Caption-style text data
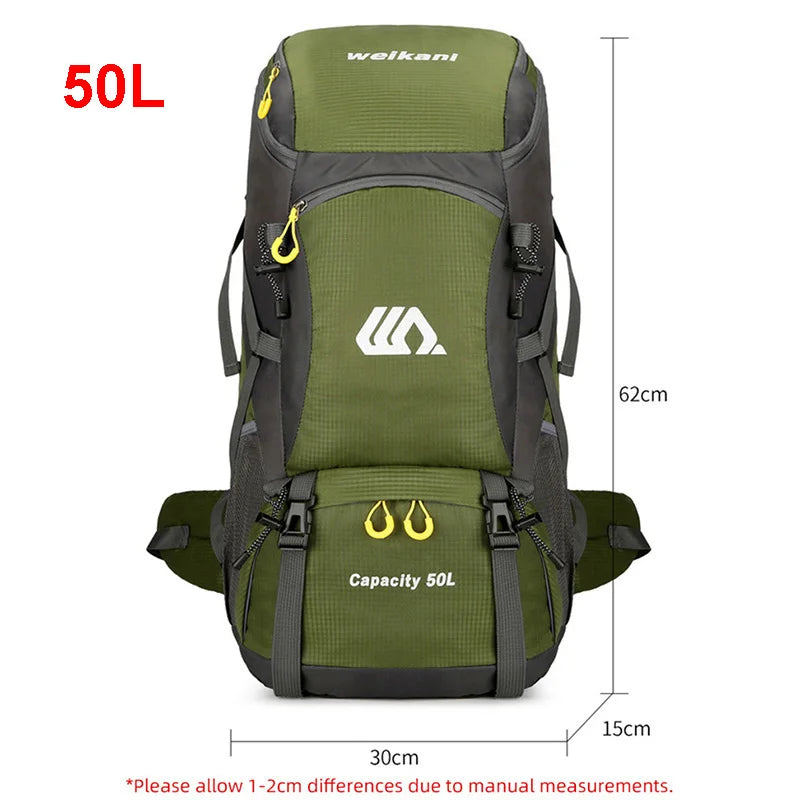 50L Travel Backpack Camping Men Large Hiking Bag Tourist Rucksack Waterproof Outdoor Sports Climbing Mountaineering Bag Luggage Daniel’s Outdoor Company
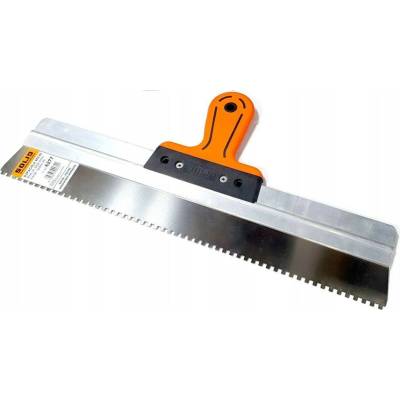 Fasádní nerezová špachtle 450 mm, zub 4 mm SOLID 6277
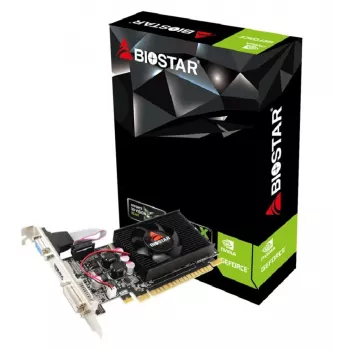Tarjeta gráfica BIOSTAR GeForce 210 — 1 GB GDDR3, 64 bits, PCIe x16 2.0, 589 MHz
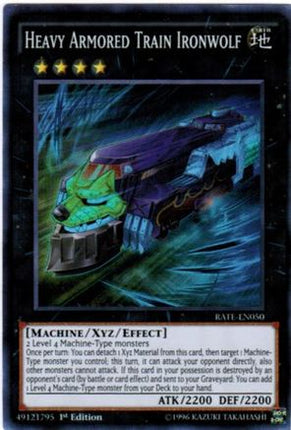 Heavy Armored Train Ironwolf (Super Rare) [RATE-EN050] Unlimited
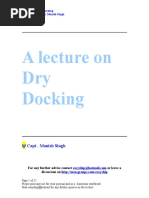 Dry Docking Guidelines and Maintenance | PDF | Ships | Specification ...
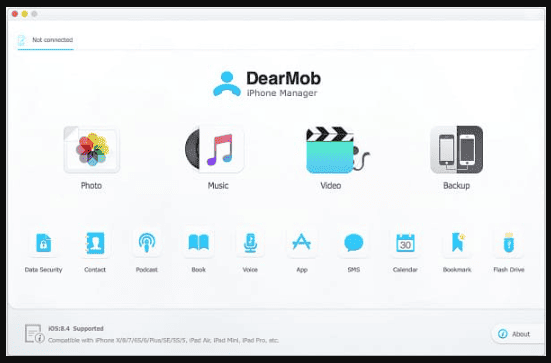 DearMob iPhone Manager 6.5 portable for macOS 1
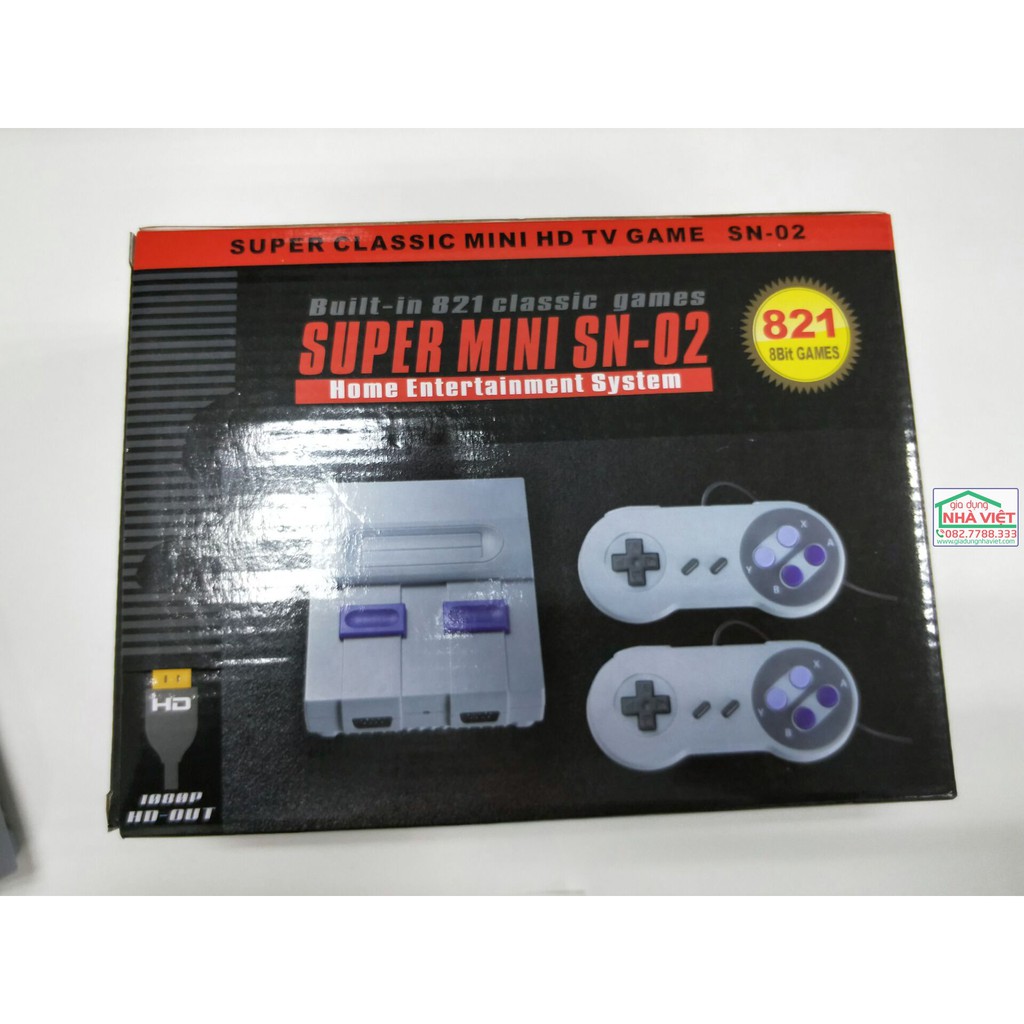 [Mã 229ELSALE hoàn 7% đơn 300K] Máy chơi điện tử 4 nút Super Mini HDMI NES 821 trò chơi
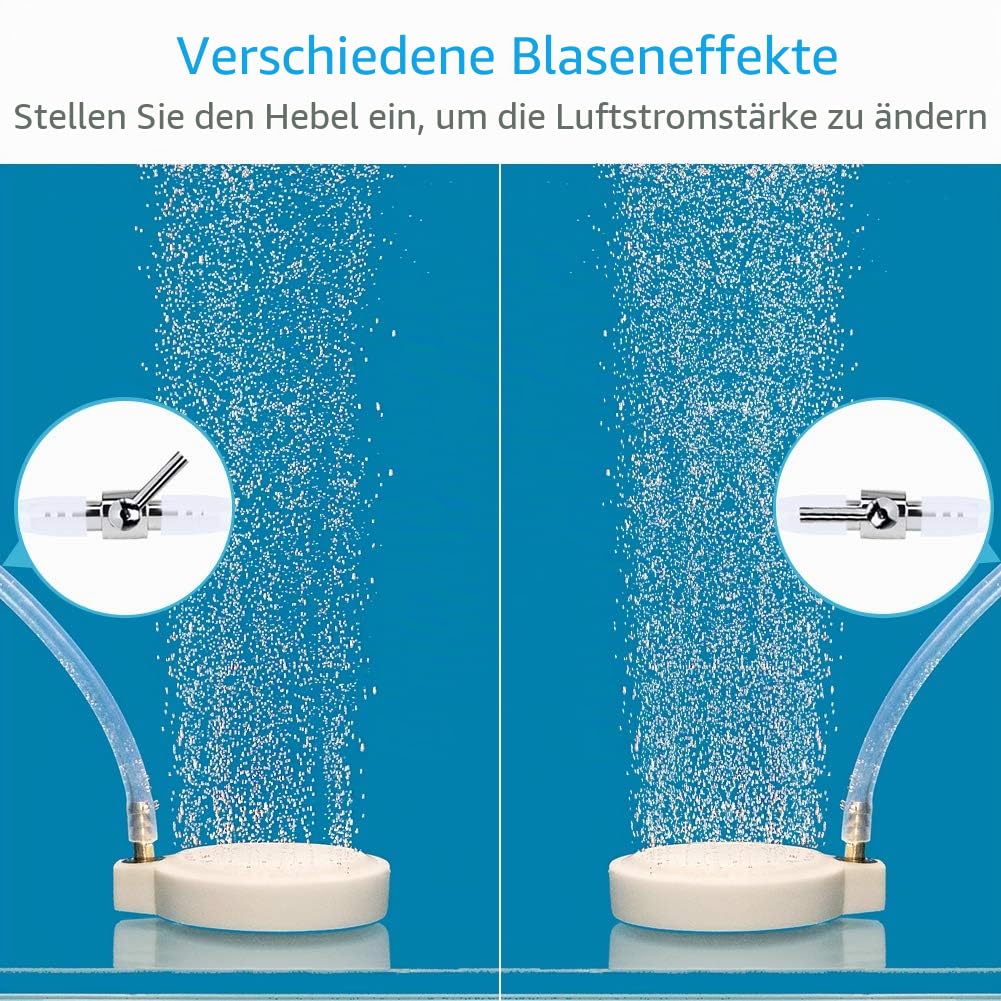 Pawfly 6 Stück Luftverteiler Aquarium Luftventil Luftstromregler Rückschlagventil Aquarium Luftregelventil Einweg Aquarium Luftstromregelung Hebel gerade Ventil Verteiler Splitter für Fischbecken‌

WHAT NEEDS TO BE DONE:
Reproduce exactly, with nothing added, the lines from the line with "Tarjeta gráfica BIOSTAR" through the end of the entries above; pictures are to be left out.

WORKED SOLUTION:
Tarjeta gráfica BIOSTAR GeForce 210 — 1 GB GDDR3, 64 bits, PCIe x16 2.0, 589 MHz
 Heavy Armored Train Ironwolf (Super Rare) [RATE-EN050] Unlimited
 Dry Docking Guidelines and Maintenance | PDF | Ships | Specification ...
 DearMob iPhone Manager 6.5 portable for macOS 1
 [Mã 229ELSALE hoàn 7% đơn 300K] Máy chơi điện tử 4 nút Super Mini HDMI NES 821 trò chơi
 Pawfly 6 Stück Luftverteiler Aquarium Luftventil Luftstromregler Rückschlagventil Aquarium Luftregelventil Einweg Aquarium Luftstromregelung Hebel gerade Ventil Verteiler Splitter für Fischbecken‌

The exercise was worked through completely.